Говоря по-другому, все музыканты созданы одинаковыми, но некоторые музыканты более одинаковы, чем другие. Я стал фронтменом, поставив на карту все, что у меня было – ведь действительно, если бы не я, то группа распалась бы, – но все равно чувствовал, что не могу раскачивать лодку. Снова сказалась моя неуверенность в себе – это у Коллинзов семейное.
К счастью, мне позвонили достаточно заранее, чтобы я успел домой к рождению Саймона в больнице королевы Шарлотты в Хаммерсмите. Его ненадолго отправили на карантин из-за небольших проблем с кожей. Я навещал его и Энди каждый день. Через несколько дней мне пришлось уехать, чтобы продолжить работу. То, что я приехал всего на пару дней, усилило все растущую уверенность Энди в том, что семья для меня была только на втором месте. Но мне казалось, что на тот момент мои обязанности должны быть превыше всего: нужно закончить альбом и решить возникшую в коллективе проблему.
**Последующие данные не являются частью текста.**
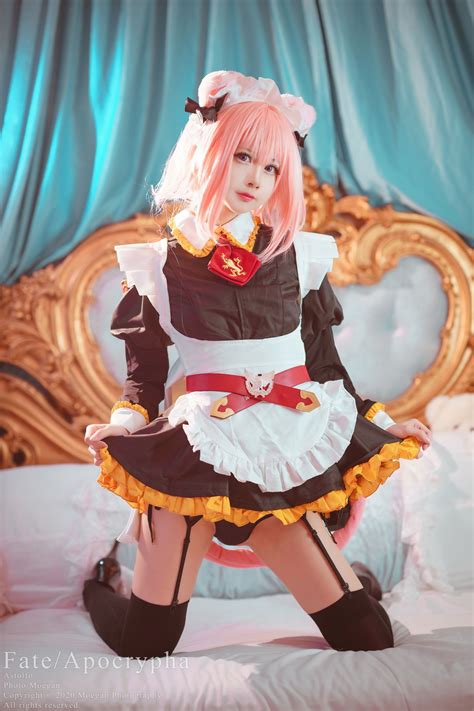 Okita Rinka Astolfo Maid Telegraph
После тура A Trick of the Tail Билл Бруфорд решил создать свою группу – UK. Поэтому в нашей группе снова начались перестановки. Я позвонил очень сильному американскому барабанщику Честеру Томпсону. Я видел его выступление с Weather Report и слушал его концертный альбом с Фрэнком Заппой Roxy and Elsewhere, в котором к нему присоединился второй барабанщик – Ральф Хамфри. Он сыграл потрясающий двойной барабанный рифф в песне Заппы More Trouble Every Day – я хотел, чтобы нечто подобное играли и в моей группе.